Most probiotics can’t survive transportation and storage. Probiotics are extremely delicate—they can’t survive exposure to light, air, or even oxygen. And if you’re taking a brand that needs refrigeration, it has got to be refrigerated 100% of the time. The truth is, by the time most probiotic products leave the manufacturer, get shipped on trucks, and sit in warehouses or on store shelves, the power of the beneficial bacteria has been significantly—and in some cases completely—diminished. Keep probiotics in a cool, dry place out of sunlight. If ordered online, request refrigerated shipping.
Manufacturers overpromise the potency of probiotics. Many may promise you one billion live acidophilus organisms—but only on the date of manufacture!
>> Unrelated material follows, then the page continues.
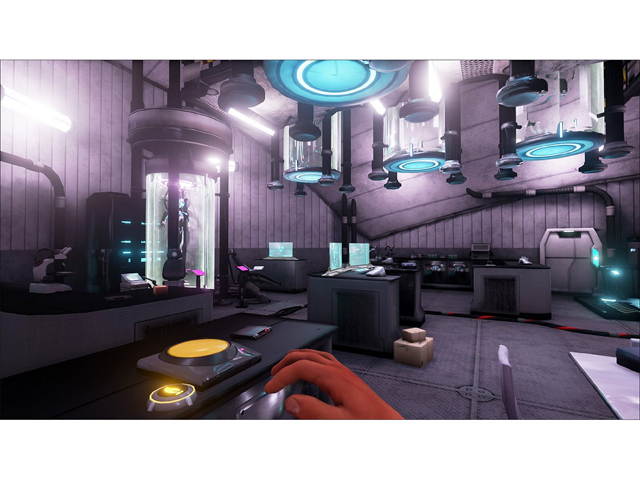 Loading Human - PlayStation 4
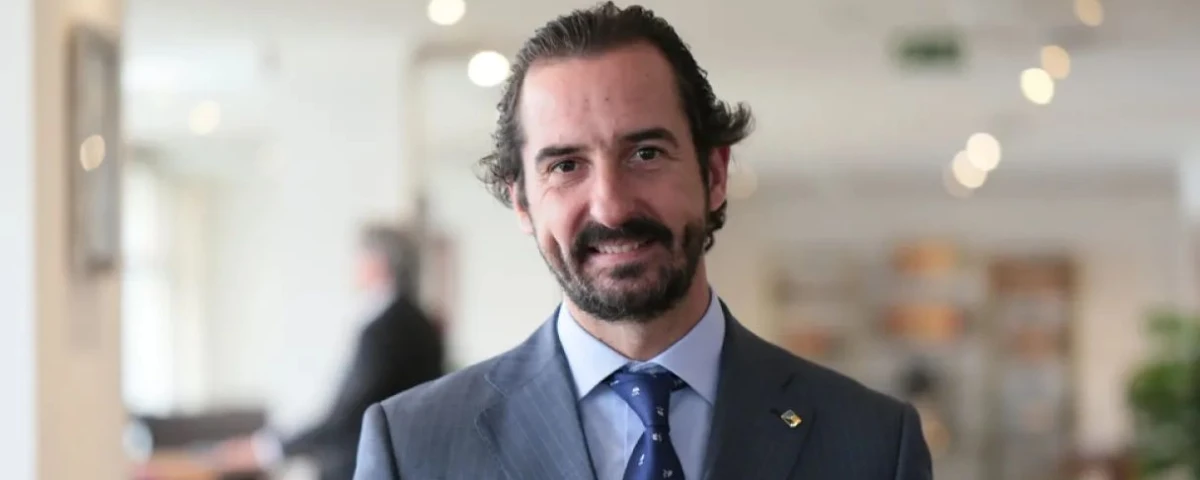 Arturo de las Heras, nuevo Presidente del CEF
Watch for an asterisk on the packaging. Scamming companies will often claim a certain number of CFUs (Colony Forming Units) on their label, using an asterisk to footnote that this was the number “at the time of manufacture.” Be aware that an amount of probiotics listed “at time of manufacture” doesn’t tell you how many you’ll get when purchased, which can be much lower.
There are a couple of methods for effectively packaging and storing live, active, beneficial bacteria and delivering them intact to the large intestine.
- Controlled-Release Technology. Controlled-release formulas are specially coated to protect the probiotics from gastric acid and ultimately deliver a high percentage of live probiotic bacteria to the intestines. One of my favorite such technologies that both protects the majority of a supplement’s probiotics from stomach acid and also provides optimal release of live organisms throughout the entire digestive tract is called BIO-tract. Available in a number of probiotic supplements.
- Beadlet Technology. This process was developed in Japan and involves enclosing live probiotic bacteria in a small, pearl-shaped beadlet, where the walls of the beadlet are formulated to survive stomach acid and release their contents only when they reach the more neutral environment of the intestines.
Both of these types of delivery systems also ensure an extended shelf life for these probiotic products and don’t require refrigeration. So when looking for a probiotic supplement, choose one that uses either a controlled-release technology or the beadlet formulation and ideally states that refrigeration is not necessary.